In his Autumn Statement 2022, the Chancellor, Jeremy Hunt, froze or extended the duration of existing freezes for thresholds in relation to Inheritance Tax, Income Tax and National Insurance Contributions. Commentators had been predicting a similar extension of the Lifetime Allowance (LTA) freeze (currently lasting until 2026), but it didn’t happen.
While the pensions industry welcomed this reprieve, it was, perhaps, surprising, given the very high cost that parliamentarians often attribute to pensions tax relief. Recently, in its response to the petition to “Make the NHS Pension scheme tax unregistered” the government said that it is “one of the most expensive reliefs” and that “in 2019-20, income tax relief on total contributions and National Insurance relief on employer contributions for pension savings cost the Exchequer £61 billion”. This figure is misleading for a number of reasons – see our article “Might a new PM bring change to the pensions tax regime” – but the true number is sufficiently high that the regime is perennially under scrutiny for cost savings.

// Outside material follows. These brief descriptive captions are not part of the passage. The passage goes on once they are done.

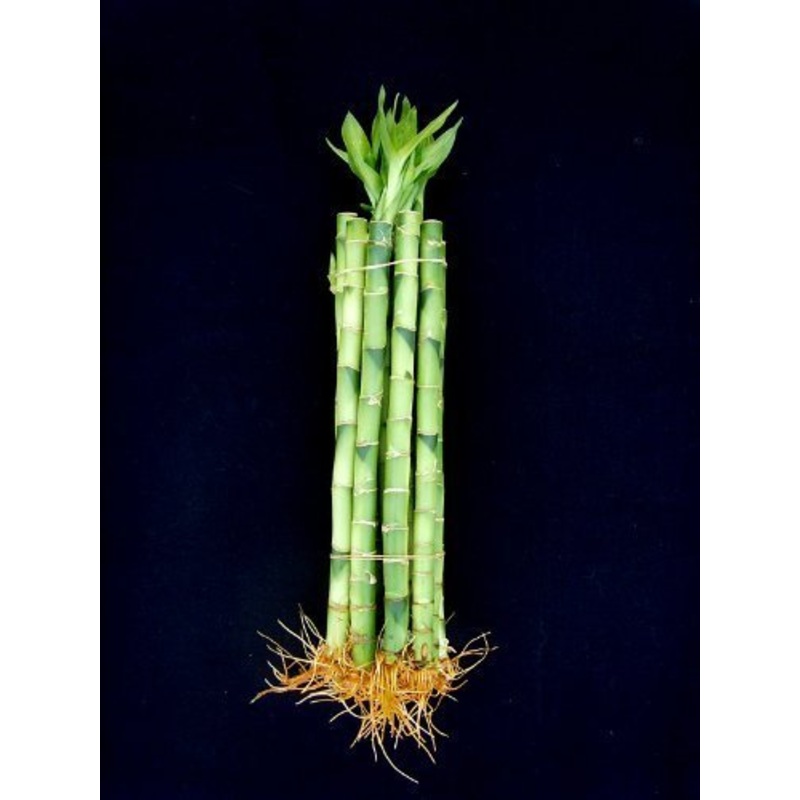 10 Stalks (1 Bundle) Of 6” Straight Lucky Bamboo For Feng Shui Or Gifts Sold By Jm Bamboo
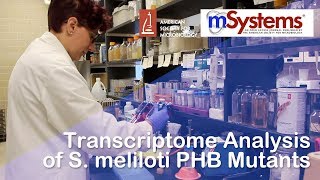 Transcriptome Analysis of S meliloti PHB Mutants  mSystems® [upl. by Rysler]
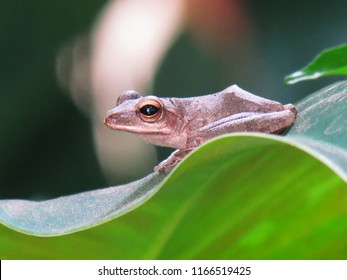 Common tree frog Polypedates leucomystax sit on the leaf in the garden.                           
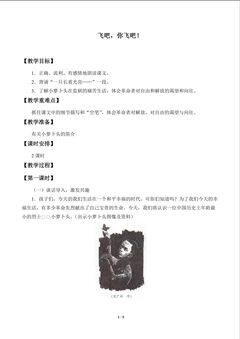 飞吧,你飞吧!_教案1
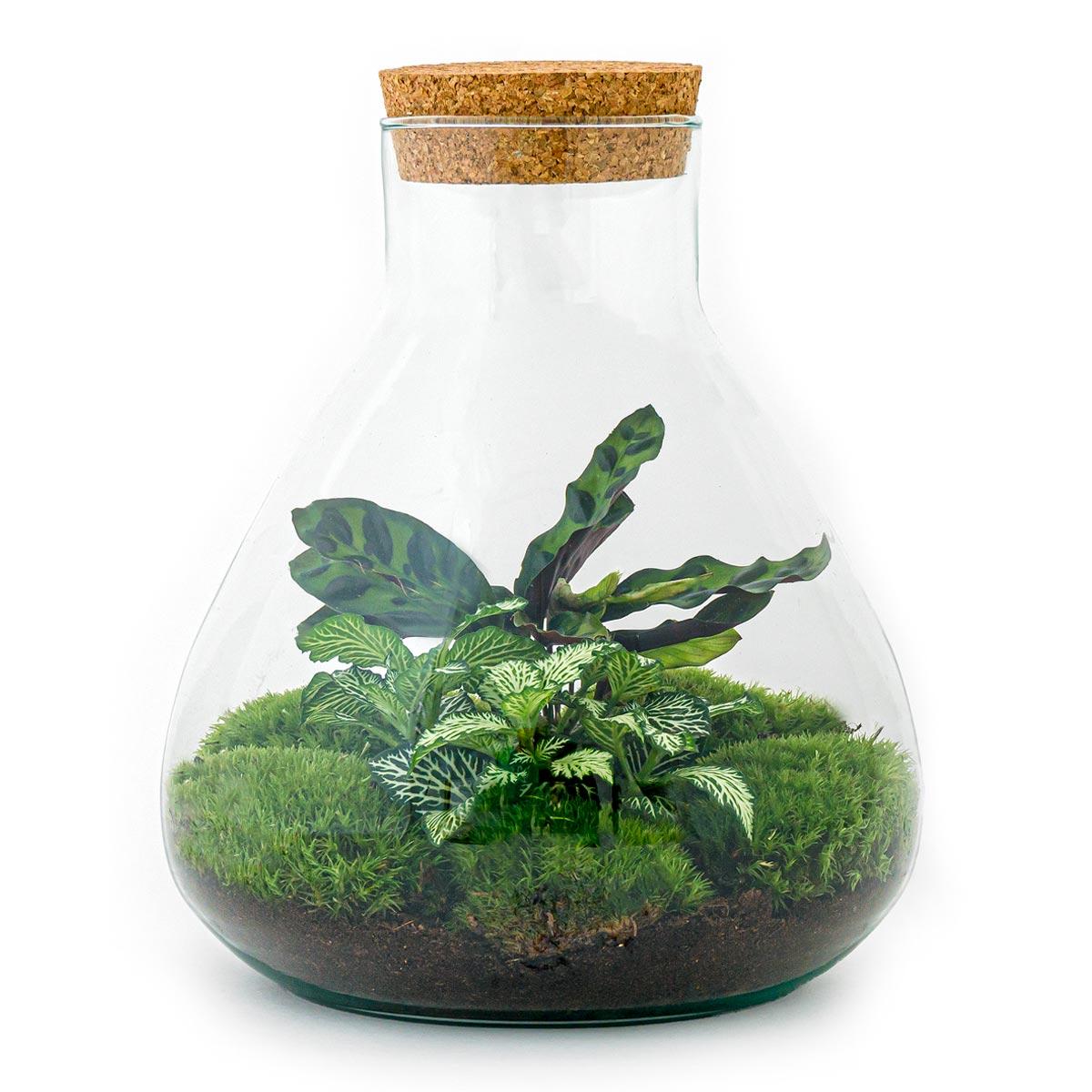 DIY-Terrarium „Sammie“ – 27 cm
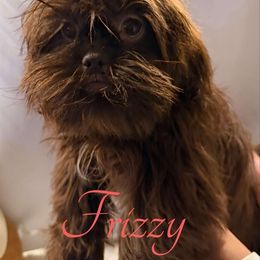Frizzy - Chocolate female Shih Tzu puppy in Ocala, Florida from Mimi's Shih-tzus of Ocala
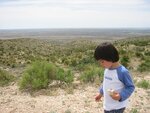 pic_06567.jpg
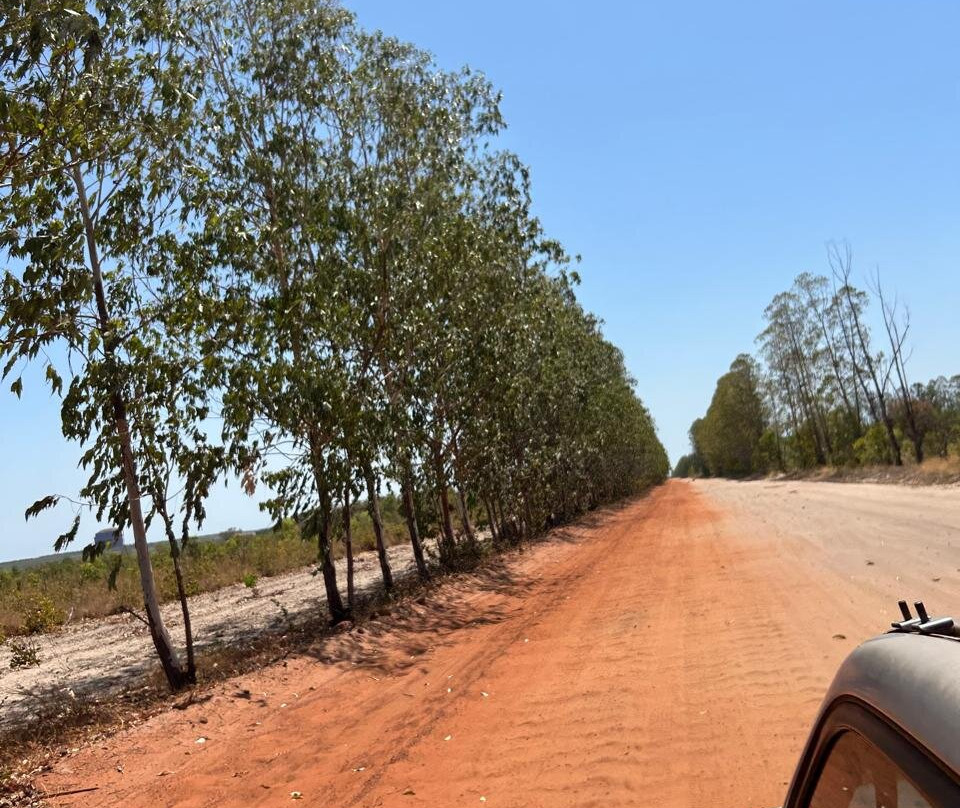 4x4 E NATUREZA ECOTURISMO-Palmas必去景点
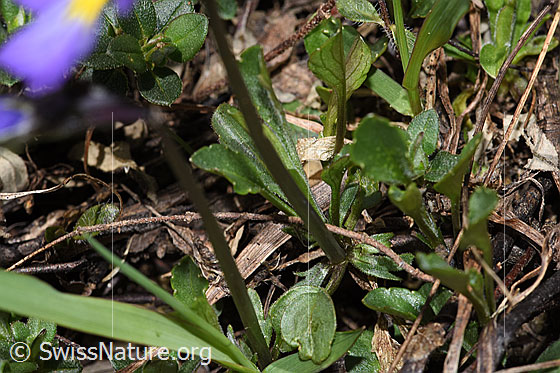 Foto: Langsporniges Stiefmütterchen (Viola calcarata). Blätter.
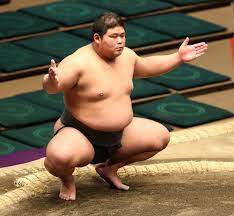 落合が新十両昇進決定！史上最速1場所で関取に 29歳・玉正鳳も昇進決定― スポニチ Sponichi Annex スポーツ
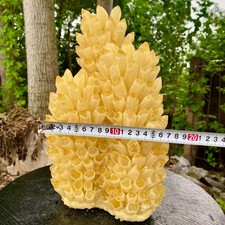 21.9LB New find yellow Phantom Quartz Crystal Cluster mineral samples picture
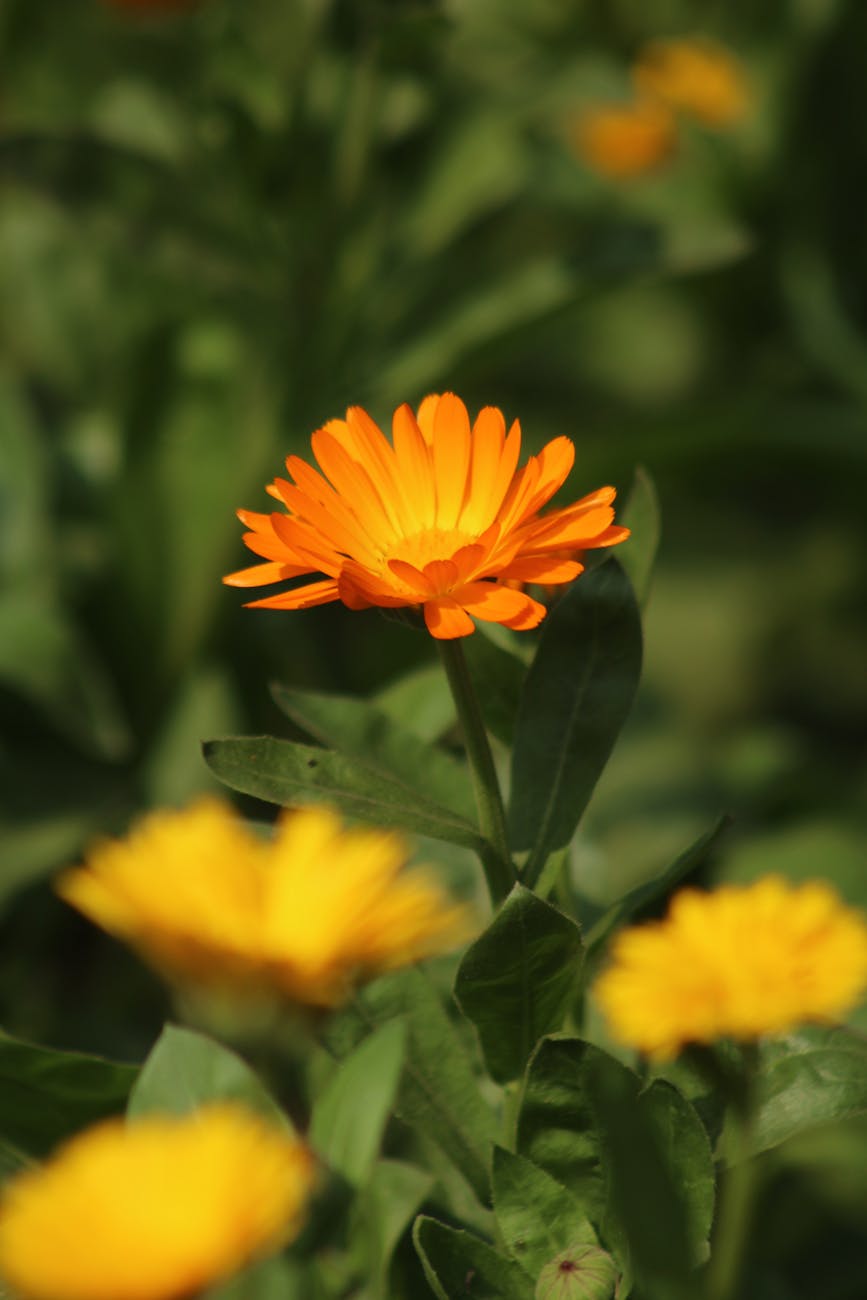 Gerçek dua ve&nbsp;ibâdet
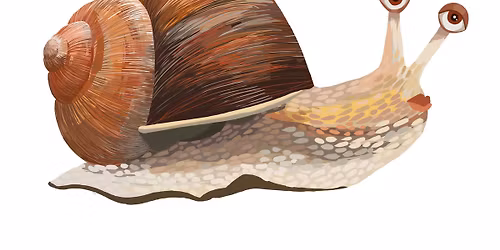 Kriebelbeestjeswandeling - nieuwe opdrachten!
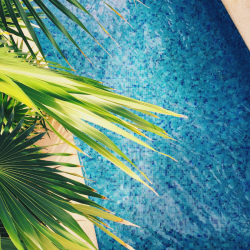 Summer Vibes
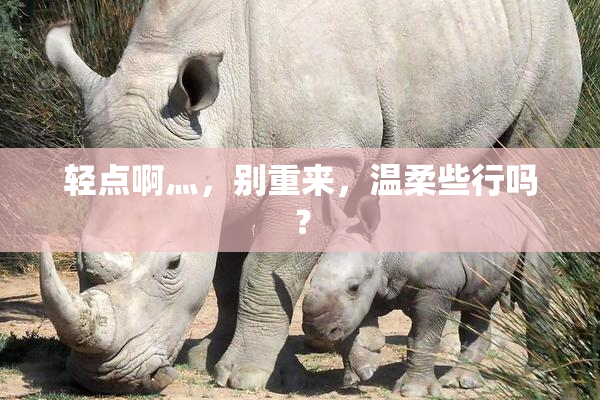 轻点啊灬，别重来，温柔些行吗？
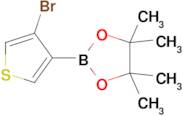 2-(4-Bromo-3-thienyl)-4,4,5,5-tetramethyl-1,3,2-dioxaborolane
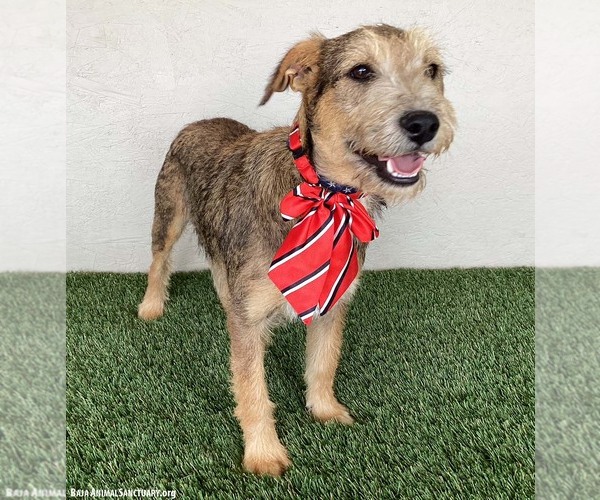 Medium Photo #9 Jack Russell Terrier-Miniature Schnauzer Mix Puppy For Sale in San Diego, CA, USA
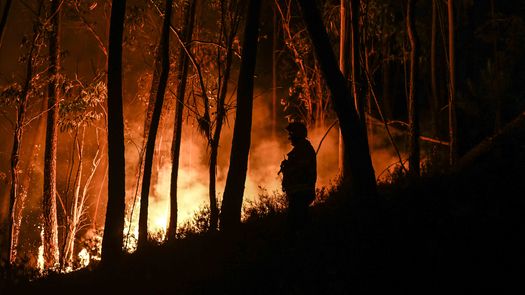 Unos 600 bomberos seguían movilizados en la zona.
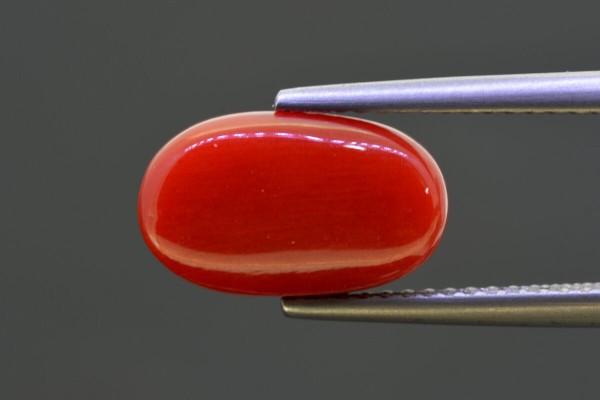 4.56 cts Natural Coral (Moonga)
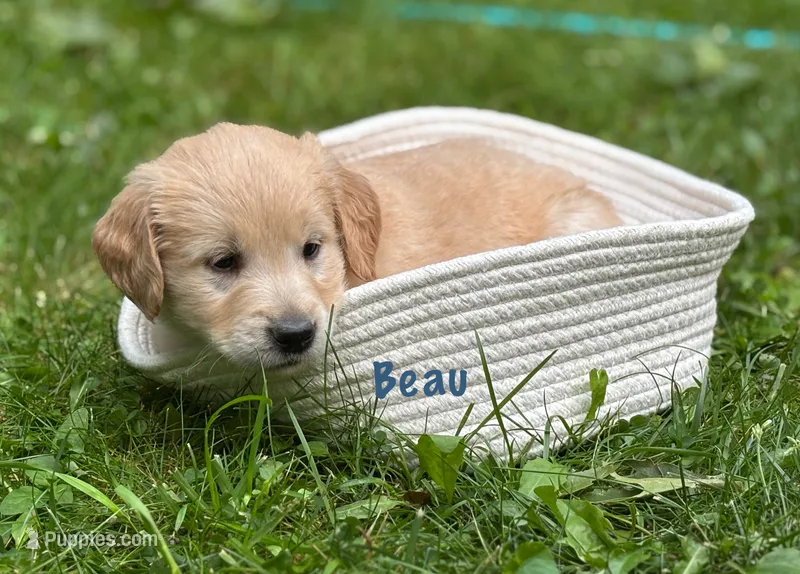 Beau – Golden Retriever puppy for sale in Grantsville, MD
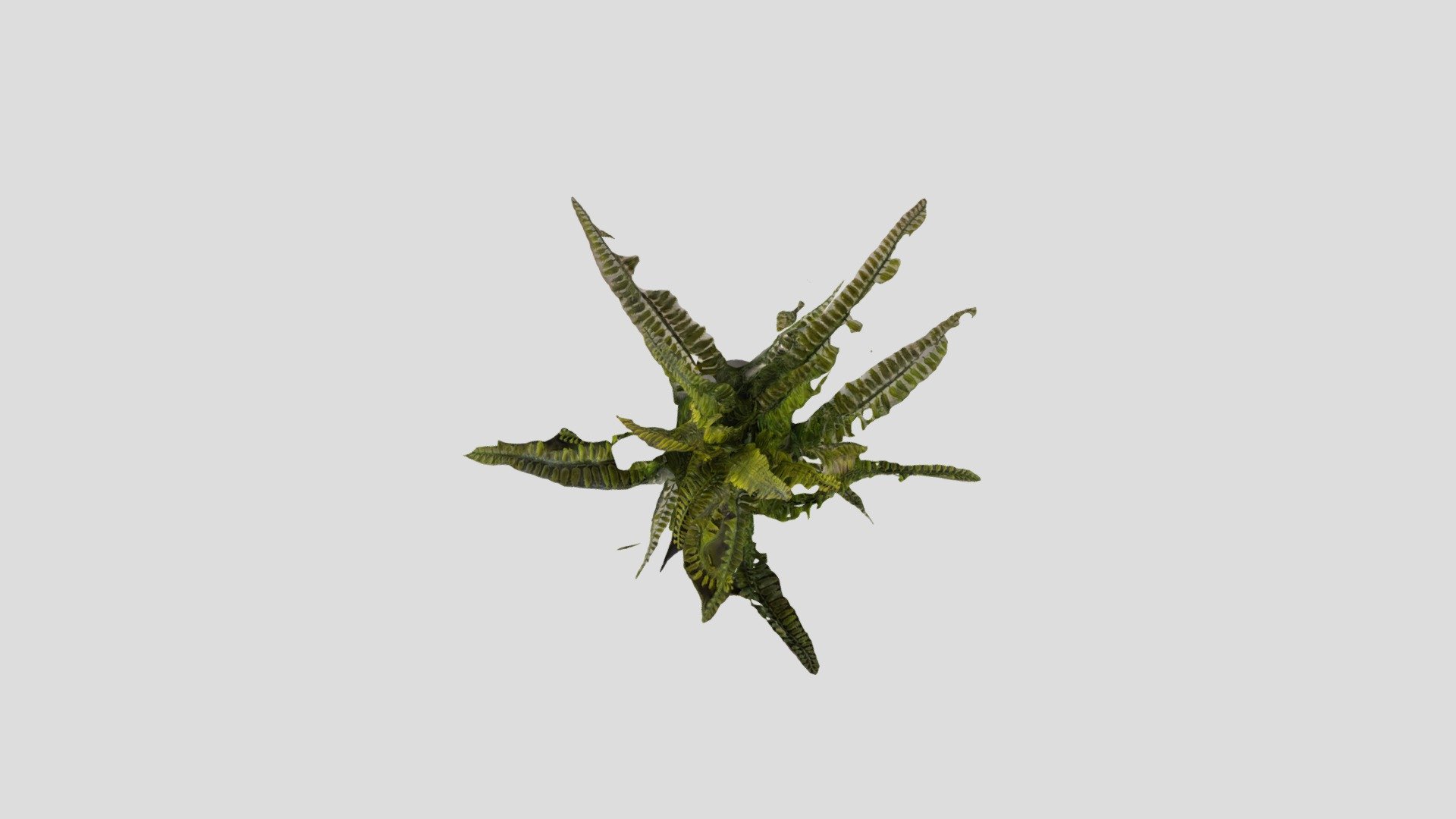 My photorealistic 3D model from photos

We suggested in our Pensions Briefing overview of the Autumn Statement that concern as to the reaction of NHS representative organisations to any LTA freeze extension might explain its absence. Over recent years, the British Medical Association (BMA) has been engaged in a high profile and highly effective campaign, citing the Annual Allowance (AA) as a major contributor to senior clinicians retiring early from the NHS. In the run up to the Autumn Statement a BMA press release also warned the Chancellor against extending the LTA freeze, quoting back to Mr Hunt from a report published by the Health and Social Care Committee (then under his chairmanship), which referred to NHS pension arrangements forcing senior doctors to reduce working hours as a “national scandal”. Combined with fragile employment relations and a treatment waiting list of 7.1 million, the risk of exacerbating disruption to NHS services as the nation approaches winter might just have been too great.
If the government would like to tighten the pensions tax regime, it finds itself in a difficult position. It will be working hard to negotiate a settlement with the NHS that averts (or cuts short) industrial action. If it is successful in doing so, it will be very wary of undermining that by subsequently tightening the pensions tax regime.
The next opportunity to announce changes to the pensions tax regime is the Spring Budget, but is it likely that the government would have made sufficient headway with the NHS challenges that it could then simply ride out the likely response to any pensions tax regime tightening?
Acknowledging that, by then, we are likely to be through the worst of winter, many would suggest that NHS challenges are likely to remain very significant for many years to come. In which case, might that (continue to) constrain the government’s ability to make changes to the pensions tax regime? It could make special arrangements for the NHS, but were it to do so, it would need to anticipate the reaction of other public sector workers who would, most likely, demand the same or similar treatment.
But the government does have options. One that it is known to have considered before would be to acknowledge publicly that defined benefit (DB) and defined contribution (DC) pension provision is now so fundamentally different that each needs its own set of tax rules. This would result in different tax treatment for most public and private sector provision (the former being the mainstay of open DB provision and the latter overwhelmingly operating DC).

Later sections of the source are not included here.